Your assignment :: Go line by line through the listing below and copy those that hold "screenshot".

Data supplied ::
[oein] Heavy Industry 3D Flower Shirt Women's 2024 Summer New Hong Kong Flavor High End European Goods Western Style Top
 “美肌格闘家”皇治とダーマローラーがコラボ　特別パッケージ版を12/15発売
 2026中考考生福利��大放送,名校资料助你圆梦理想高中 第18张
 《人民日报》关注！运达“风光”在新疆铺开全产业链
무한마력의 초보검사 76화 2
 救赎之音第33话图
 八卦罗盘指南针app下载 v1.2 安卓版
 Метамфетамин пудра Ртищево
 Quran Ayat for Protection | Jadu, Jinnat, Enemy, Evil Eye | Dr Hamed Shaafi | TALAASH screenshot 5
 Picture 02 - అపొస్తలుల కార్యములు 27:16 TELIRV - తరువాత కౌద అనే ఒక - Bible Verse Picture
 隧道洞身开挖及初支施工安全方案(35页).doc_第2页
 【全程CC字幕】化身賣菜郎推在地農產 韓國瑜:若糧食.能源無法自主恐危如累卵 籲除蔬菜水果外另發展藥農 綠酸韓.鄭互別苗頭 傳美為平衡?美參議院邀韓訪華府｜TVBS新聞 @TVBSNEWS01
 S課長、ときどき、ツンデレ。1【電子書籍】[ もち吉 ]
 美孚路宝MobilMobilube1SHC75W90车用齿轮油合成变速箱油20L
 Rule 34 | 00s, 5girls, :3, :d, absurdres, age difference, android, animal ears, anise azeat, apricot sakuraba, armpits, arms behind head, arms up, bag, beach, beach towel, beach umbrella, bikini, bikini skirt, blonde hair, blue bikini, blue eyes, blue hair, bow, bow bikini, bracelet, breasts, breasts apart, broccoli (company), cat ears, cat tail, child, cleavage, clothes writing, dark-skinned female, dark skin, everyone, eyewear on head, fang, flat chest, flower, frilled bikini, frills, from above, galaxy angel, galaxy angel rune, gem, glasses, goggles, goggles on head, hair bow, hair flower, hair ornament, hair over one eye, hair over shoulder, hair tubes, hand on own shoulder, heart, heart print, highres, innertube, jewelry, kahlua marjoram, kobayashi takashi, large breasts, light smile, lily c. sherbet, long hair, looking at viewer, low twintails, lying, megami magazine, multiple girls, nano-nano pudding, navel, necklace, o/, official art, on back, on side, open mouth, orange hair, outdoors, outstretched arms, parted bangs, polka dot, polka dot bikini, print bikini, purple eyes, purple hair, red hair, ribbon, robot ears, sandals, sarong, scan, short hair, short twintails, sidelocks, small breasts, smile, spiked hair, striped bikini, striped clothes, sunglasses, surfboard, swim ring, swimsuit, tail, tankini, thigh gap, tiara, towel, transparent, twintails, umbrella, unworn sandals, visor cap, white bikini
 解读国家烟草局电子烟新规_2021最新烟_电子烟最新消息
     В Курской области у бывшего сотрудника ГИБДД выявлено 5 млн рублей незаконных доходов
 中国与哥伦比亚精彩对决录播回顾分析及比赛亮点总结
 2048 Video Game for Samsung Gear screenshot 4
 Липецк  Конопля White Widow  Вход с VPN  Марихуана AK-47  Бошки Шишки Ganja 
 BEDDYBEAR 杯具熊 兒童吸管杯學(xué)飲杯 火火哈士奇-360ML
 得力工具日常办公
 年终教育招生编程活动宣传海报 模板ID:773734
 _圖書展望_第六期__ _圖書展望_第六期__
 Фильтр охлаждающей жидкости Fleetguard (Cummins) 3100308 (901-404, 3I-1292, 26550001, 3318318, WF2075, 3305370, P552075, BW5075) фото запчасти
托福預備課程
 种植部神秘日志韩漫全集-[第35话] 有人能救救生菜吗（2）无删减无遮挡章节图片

Answer area ::
 Quran Ayat for Protection | Jadu, Jinnat, Enemy, Evil Eye | Dr Hamed Shaafi | TALAASH screenshot 5
 2048 Video Game for Samsung Gear screenshot 4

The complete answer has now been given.